Helicopter Money Defined

Helicopter drops is a monetary policy that a central bank could implement to stimulate the economy. The policy is unorthodox and potentially an irreversible alternative to QE; it theoretically should be used in extreme economic environments, such as deflationary periods. Central banks could implement helicopter money by creating money, rather than issuing debt or raising taxes to fund government spending. Thereafter, central banks stimulate the economy by transferring money to the general public or spend the money on investments. As a result, the public would increase spending and, in turn, inflation should increase. Helicopter drops may be permanent and irreversible, contrary to QE, which is temporary.

European Economic and Monetary Policy

Europe started a QE program in March 2015 worth approximately 1.1 trillion euros. However, the ECB expanded its QE program by raising its monthly bond purchases to 80 billion euros per month, from 60 billion euros in March 2016. Moreover, corporate bonds became eligible for the QE program. The ECB's QE program is an indirect tool used to stimulate growth, but its effectiveness is lackluster. Despite the ECB's large stimulus program, Europe's harmonized index of consumer prices (HICP), a tool used to gauge inflation, remained near 0% since the start of the program, as of August 2016. Europe experienced deflationary periods during 2016, when it reported an overall HICP of -0.2% in February, -0.2% in April and -0.1% in May 2016.

To combat deflationary periods further, the ECB implemented a negative-interest-rate policy. In March 2016, the ECB set depository rates at -0.4%, which indicates that the central bank and private banks penalize depositors who keep money in banks. Negative interest rates should theoretically increase consumer spending and increase inflation because banks would lend to consumers and, thereafter, consumers would purchase goods and services. Banks, businesses and consumers should, theoretically, be investing and spending money in the negative interest rate environment, but the policy has proved to be ineffective.

Possibility of Helicopter Money

Although the ECB implements QE and negative interest rates, the eurozone is struggling to increase its inflation and gross domestic product (GDP) growth. The ECB expects inflation to be approximately 0.1% and GDP growth to be 1.4%. Consequently, economists are considering helicopter money as a last-resort monetary policy tool to stimulate the economy.

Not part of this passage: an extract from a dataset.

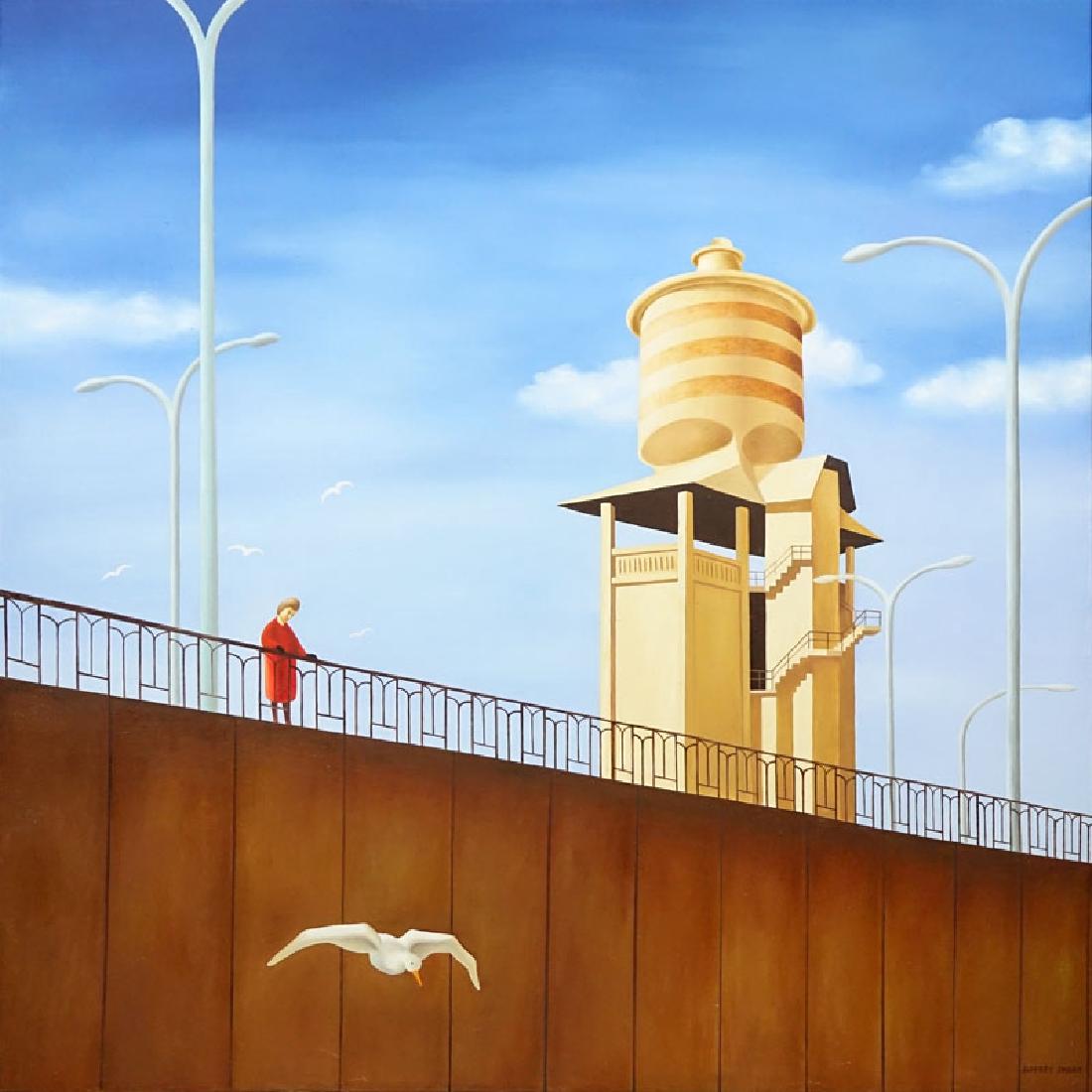 After: Jeffrey Smart, Australian (1921-2013) Oil on (1 of 4)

Former U.S. Fed Chairman Bernanke and former head of the United Kingdom's Financial Services Authority Adair Turner argued for the use of helicopter money in some economies. ECB President, Mario Draghi, stated that he is not ruling out helicopter money as a tool to stimulate the eurozone. Since the eurozone is experiencing deflationary periods, which adversely affects an economy over the long term, the ECB needs to find a way to increase inflation.

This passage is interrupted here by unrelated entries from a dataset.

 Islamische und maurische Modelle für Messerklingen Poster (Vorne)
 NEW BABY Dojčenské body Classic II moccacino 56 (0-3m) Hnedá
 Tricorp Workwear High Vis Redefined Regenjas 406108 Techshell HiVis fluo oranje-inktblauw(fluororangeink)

Deflationary periods cause consumers and businesses to curb spending because prices may continue to fall and therefore, they postpone purchases. Consequently, deflation causes economic weakness, which causes prices of goods and services to fall, and the cycle repeats until the ECB deploys other tools to reverse it. ECB's QE program and negative-interest-rate policy did not bring the eurozone's inflation rate close to its target of near 2%, and thus some economists and policy makers are considering helicopter money as an alternative.